# [portage] prevoir le temps de compilation

## philpep-tlse

Ceci n'est pas une demande d'aide, mais plutôt une idée a implémenter dans genloop par exemple.

Je sais que genloop -c affiche un temps de compilation restant de l'ebuild. Mais comme beaucoup, j'ai parfois besoin d'un soft rapidement...

Ainsi il m'est arrivé d'avoir a émerger un compilateur (je sais plus comment il s'appelle) pour un simple lecteur de podcast console, ça a mis plus de 2h30   :Very Happy: 

Bref, si j'avais su avant, j'aurais peut être choisi une autre solution ou reporté a plus tard...

Donc je me demande s'il n'est pas possible de prévoir un temps de compilation de l'ensemble des ebuild qu'on emerge... (celui qui va dans world et toutes les dépendances)

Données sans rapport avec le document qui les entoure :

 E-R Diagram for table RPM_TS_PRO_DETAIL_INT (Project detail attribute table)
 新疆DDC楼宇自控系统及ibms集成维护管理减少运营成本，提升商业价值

A la base je ne suis pas codeur, donc je ne sais pas comment genloop s'en sort, mais j'imagine pouvoir créer un petit script qui va le calculer.

Les élément a prendre en compte sont ceux là je pense :

- Frequence du processeur : facile à avoir dans /proc/cpuinfo

- Taille de la source : ça c'est plus dur, est il possible d'avoir la taille d'un fichier sur un serveur distant sans le télécharger ?

- Nature des sources : en C, C++, python, simple script : ---> créer une base de données ?

- éventuellement traiter la variable CFLAGS, mais ça m'entonnerais que ce soit prévisible...

Ensuite un petit calcul savant devrait pouvoir sortir une approximation, avec une grosse marge d'erreur, mais on aurra une idée quand même.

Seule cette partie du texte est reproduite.